Caminante, son tus huellas / el camino y nada más; / caminante, no hay camino, / se hace camino al andar. / Al andar se hace camino / y al volver la vista atrás / se ve la senda que nunca / se ha de volver a pisar.

(Antonio Machado, Proverbios y Cantares, 1912)

Ahí va el camino suntuoso. Se despliega entre las hierbas y nace con la diferencia de que muere en el horizonte, nunca en el mar. Más austero que un río, sedimenta las piedras con la arena y la única corriente es la del viento que en zigzag se pierde entre los bosques aledaños. Tanto llega a desviarse del camino que para cuando vuelve cambia de sentido o se detiene en remolinos.

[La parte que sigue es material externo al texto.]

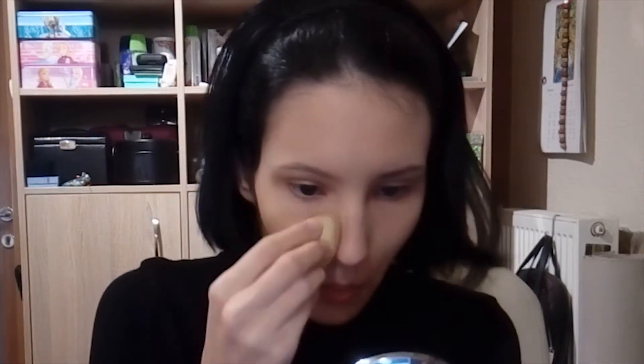First I'm starting with a clean face as always. Then I'm applying one or more layers of foundation depending on the makeup. Today I'm gonna work with latex, so I'm applying a few layers of foundation because I don't want the latex to touch my skin directly.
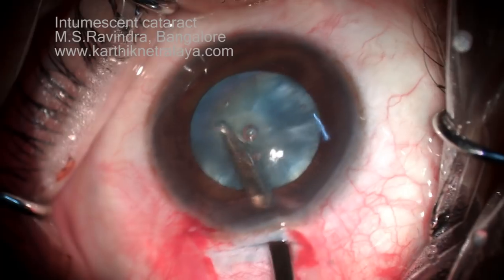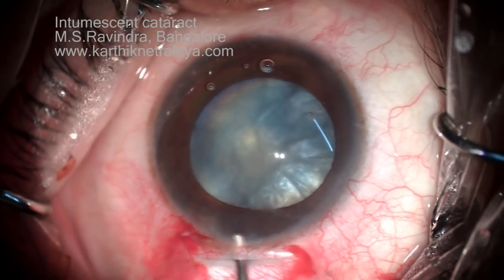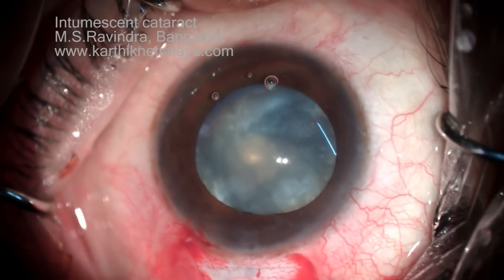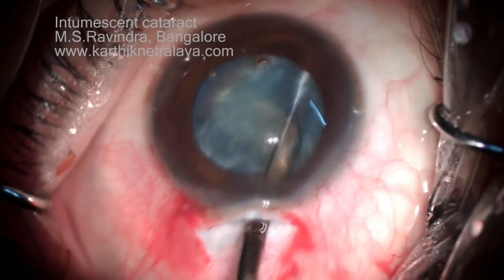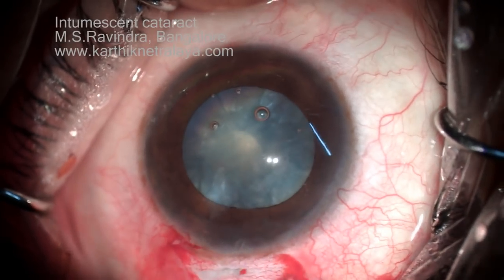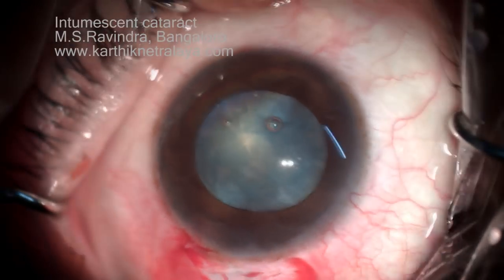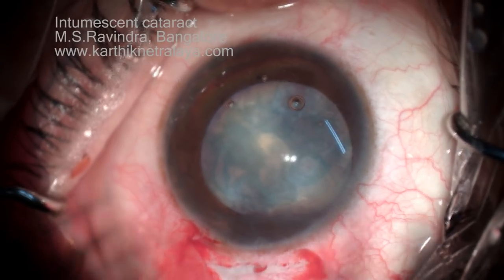Go up to the equatorial area without tearing the rhexis. You should be very careful at the rhexis margin not to induce any tear and allow it to extend to the periphery. The left half of the cortex is clear but the right half still has a lot of cortical material. Bring it to the axis of your Sinsky hook — now more and more cortex is coming in. This will reduce the intracapsular tension and prevent runoff of the capsule to the periphery when tearing it with the Utrata forceps. That's adequate emptying of the capsular bag.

 Por eso el transeúnte no pide permiso porque nada a cambio da el camino, más que terreno marcado. Entonces con un pie el caminante se introduce al ritmo de las huellas desdibujadas, con la vista al frente o a la espalda, pero nunca a los lados. Si el viento cruza, como casi siempre lo hace, el cabello se adhiere a la mejilla y entorpece la visión periférica, y si lo que cruza es un animal pueden ocurrir dos cosas: la primera se da más en los de pequeño tamaño, que optan por correr muy lejos del camino, y otros los hay que se quedan impávidos ante la marcha del humano y quisieran ser obstáculos en aquella tierra extraña que es el camino-tierra de nadie nunca significó tierra de todos, aunque sí a la inversa-. Y mientras el ritmo se mantiene en las pisadas, la mirada del tigre se posa en el reflejo del horizonte que muestran los ojos del caminante, que por no brotar lágrimas de ellos el suelo se resquebraja. Entonces, por un momento, secantes se vuelven los dos animales para después quedar los primeros observando al humano ser un transeúnte.

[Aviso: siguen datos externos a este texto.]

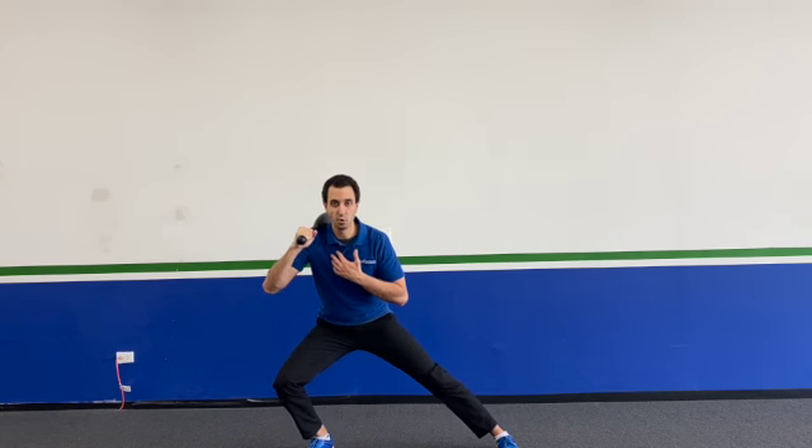My right leg is what's actually taking my step for the lateral lunge, so my left leg is going to stay planted. Taking that right leg, stepping wide, dropping down into that lateral lunge as low as you can go, coming on up and stepping it back. You'll basically stay with that right leg step the whole time. That's the first way to do this.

Muchas andanzas se desvanecen en las sucesivas andaduras y para cuando se da cuenta, en muchas de las vistas atrás que el caminante deposita, no adivina el inicio y en la vuelta al frente no reconoce ningún horizonte que haya visto.

Caronte en Venecia

En los portales de los edificios siempre estaciona una barca que va depositando a los amantes que con sus besos apuran el licor de su luna de miel, porque como es sabido, después de llena, la luna mengua hasta desaparecer, y sólo entonces es cuando la noche se hace palpable en su continua existencia.

Así, entre la vorágine, dos enamorados se agarran para sortear de un salto el espacio que les separa del muelle y de todo lo que les es tierra firme. En su elevarse en el descenso, lanzan juntos una moneda al aire y en lo alto, sobre sus cabezas, centellea el mismo cobre, devolviendo los últimos átomos de la aparente luna que prontamente será eclipsada. A un lado, el barquero en un solemne y hábil movimiento recoge al vuelo la paga de sus viajeros y, sintiendo el frío del metal reclamando su atención, se dispone a abrir la mano para comprobar, falto de esperanzas, la cara de la moneda que ésta ha de mostrarle.

La huida del gesto

Un joven jardinero persa dice a su príncipe:

-¡Sálvame! Encontré a la Muerte esta mañana. Me hizo un gesto de amenaza. Esta noche, por milagro, quisiera estar en Ispahan.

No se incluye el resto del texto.